In the labor movement, Arab-American organizers in Michigan’s auto plants formed an Arab Workers’ Caucus in 1973, which they modeled explicitly on a set of radical Black caucuses that had formed to challenge racist practices in the auto companies and the United Auto Workers. With some Black workers’ support, the Arab Workers’ Caucus successfully pressured their union local to divest from Israeli state bonds. This wave of Black and Arab-American activism crested alongside mass anti-Vietnam War protests and Black uprisings in cities across the country, placing the Palestinian issue on the agenda for the social movements of the U.S. left — but rarely making an impact in the realm of high politics.

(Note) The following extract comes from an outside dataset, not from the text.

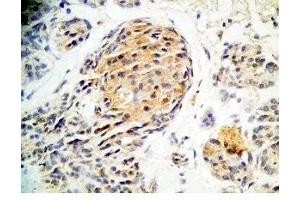 Human pancreas tissue was stained by Rabbit Anti-Augurin Prepro (71-107) (Human) Antiserum (C2orf40 antibody  (Preproprotein))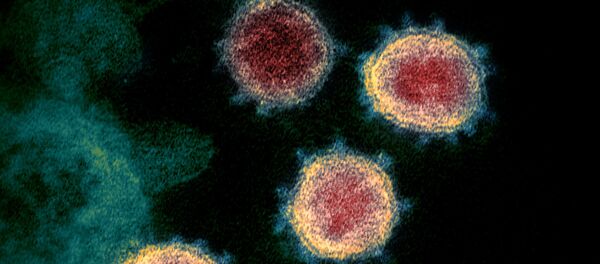 Virus korona SARS-CoV-2 - Sputnik Srbija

By 1980, this ferment of Black-Palestinian solidarity activism had dissipated. Like so many institutions of the 1960s left, the groups incubating these connections fell into disarray: many were riven by leadership conflicts and ideological divisions, or worn down by government surveillance and repression. Institutional decline was matched by the diminishing allure of a “Third World” political identification. As the decolonization movements of the mid-twentieth-century receded, many African-American activists stopped seeing the fight for racial equality in the United States as part of a unified global struggle.

But several Black politicians took up the mantle of advancing the Palestinian cause. Working at the highest levels of U.S. diplomacy and the Democratic Party, these figures eschewed earlier Black radicals’ support for a militant Palestinian revolution against Israeli occupation. Rather, they sought a diplomatically negotiated settlement that would grant Palestinians greater autonomy. In 1979, U.N. Ambassador and former civil rights leader Andrew Young was pressured to resign after he secretly met with a representative of the Palestinian Liberation Organization (PLO). The battles in the press after Young’s resignation focused on declining Black-Jewish relations domestically, but they also enabled a more pro-Palestinian viewpoint to find a place in the national debate.

One of Young’s most vigorous defenders was Reverend Jesse Jackson. Jackson led a delegation to the Middle East immediately after the Young affair, meeting with both Israeli officials and PLO representatives, including Yasser Arafat. Jackson pushed for the United States to negotiate directly with the PLO, even as he hinted at the parallels between the Palestinians’ struggle and that of African-Americans: “We understand the cycle of terror, the cycle of pain,” he said, “and yet if America is free to talk, perhaps it can seek reconciliation.”